→ **Problem**
Range to repeat from the listing below: the line containing "JEEP GRAND image 2" down to the line containing "France, Seine-Maritime (76), Pays", both included. Copy it exactly, pictures excluded, and add nothing else.

→ **Supplied material**
■ ■ ■

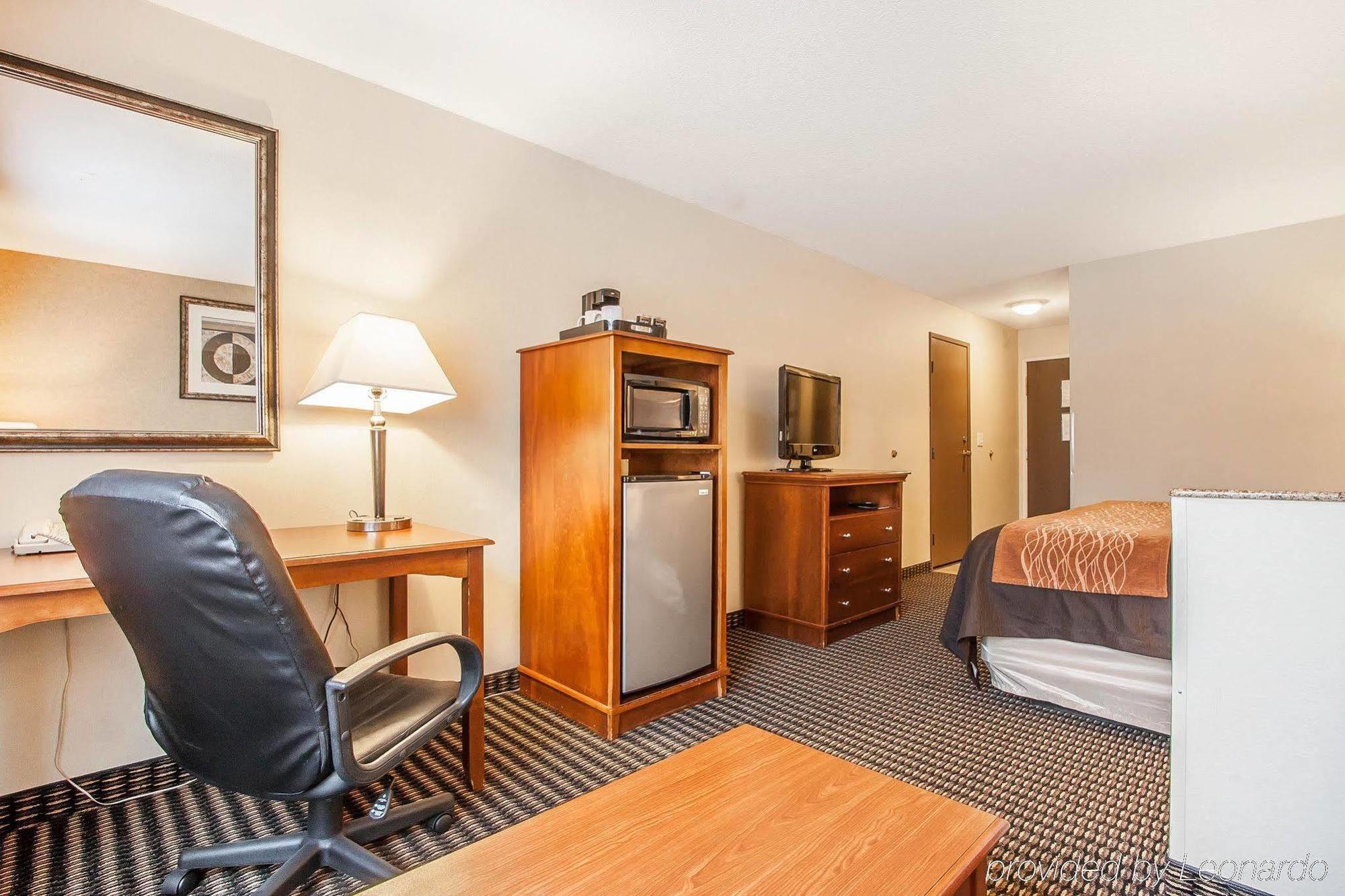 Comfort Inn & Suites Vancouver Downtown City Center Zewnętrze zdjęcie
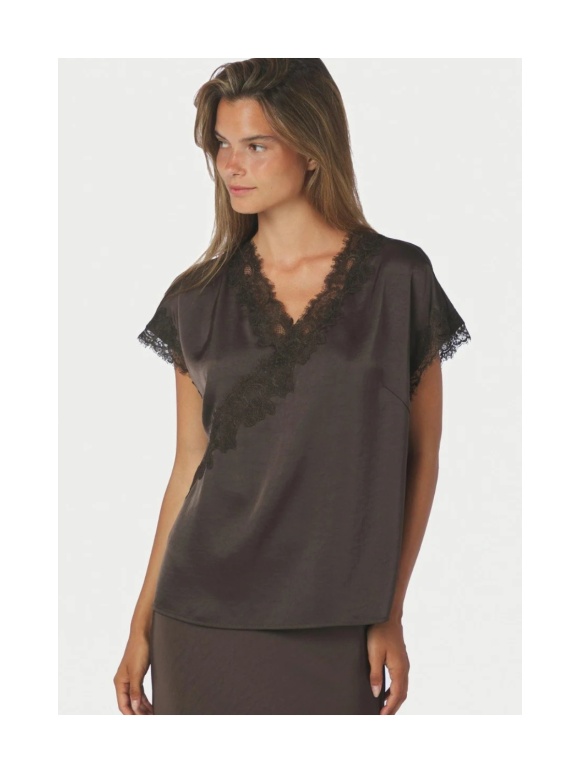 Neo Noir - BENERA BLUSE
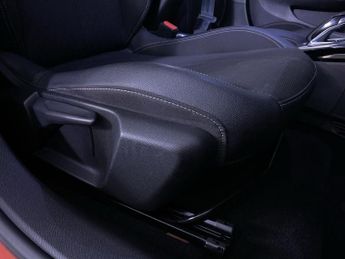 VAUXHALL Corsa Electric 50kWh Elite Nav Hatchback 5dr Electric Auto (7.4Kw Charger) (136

■ ■ ■

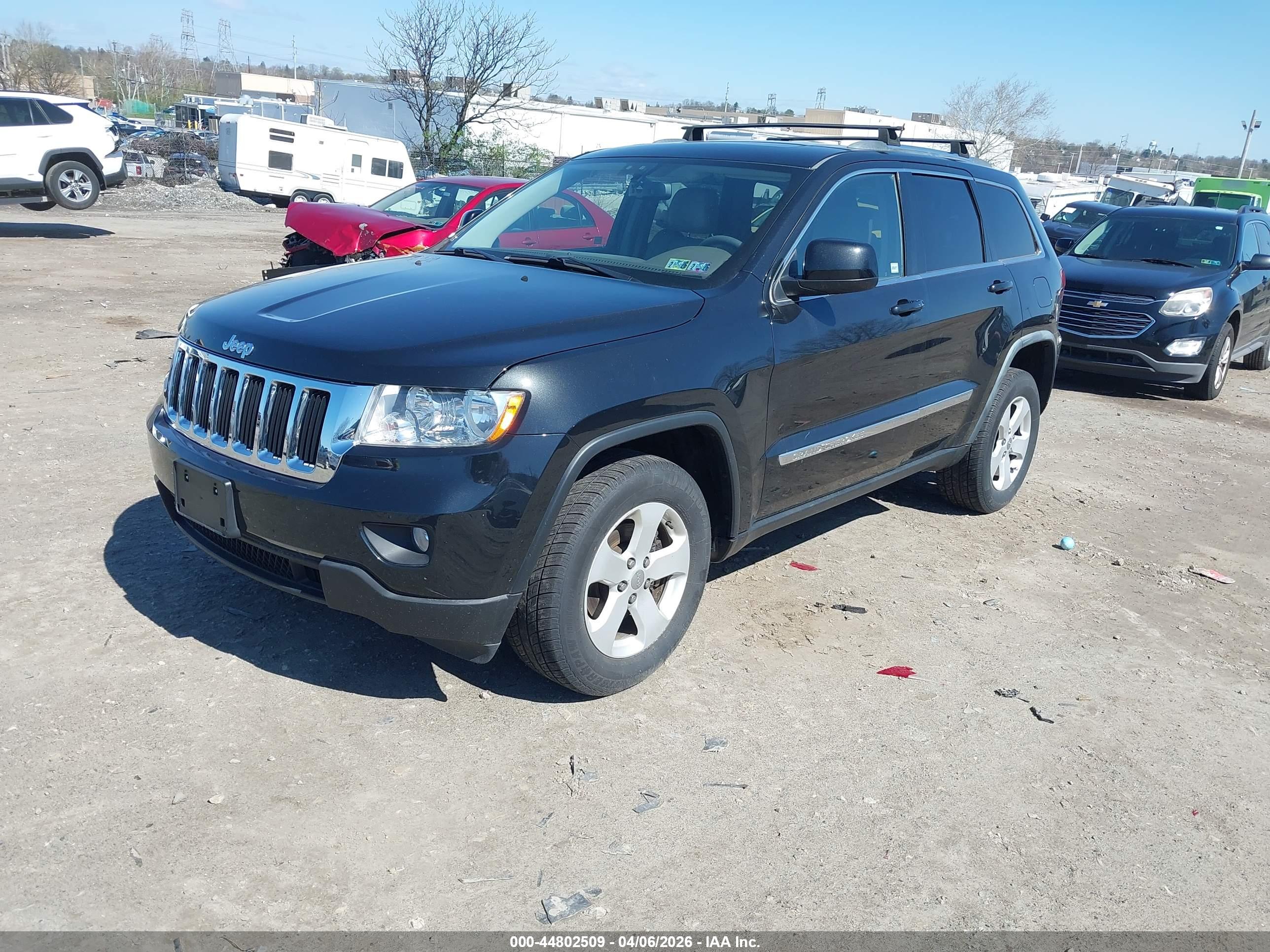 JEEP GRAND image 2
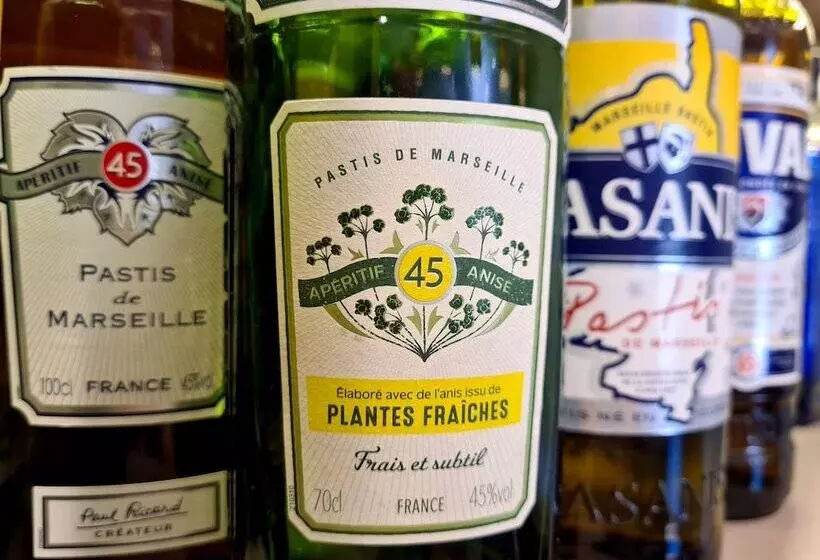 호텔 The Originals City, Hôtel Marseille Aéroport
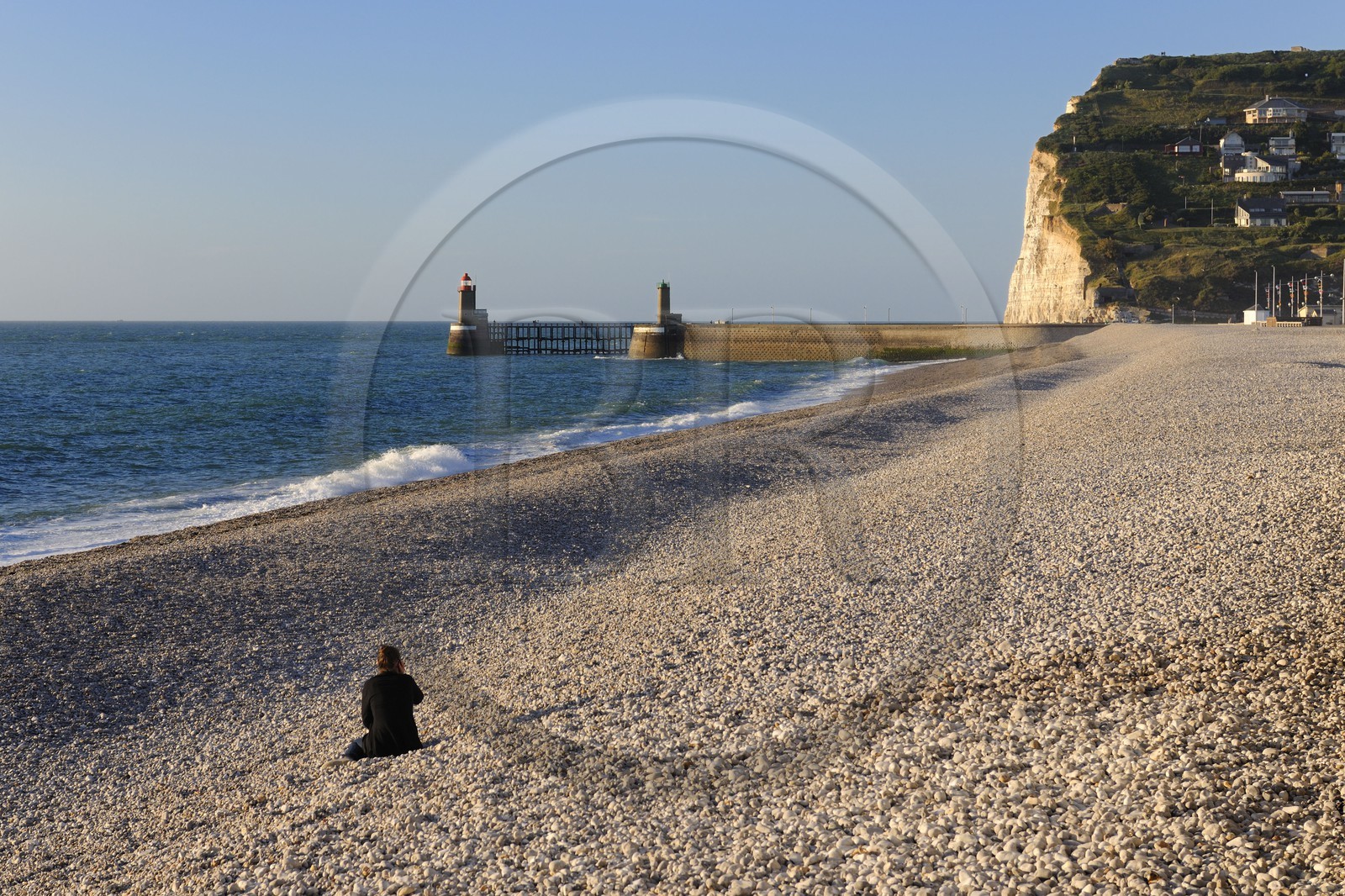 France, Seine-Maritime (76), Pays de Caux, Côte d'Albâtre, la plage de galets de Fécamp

■ ■ ■

→ **Exercise response**
 JEEP GRAND image 2
 호텔 The Originals City, Hôtel Marseille Aéroport
 France, Seine-Maritime (76), Pays de Caux, Côte d'Albâtre, la plage de galets de Fécamp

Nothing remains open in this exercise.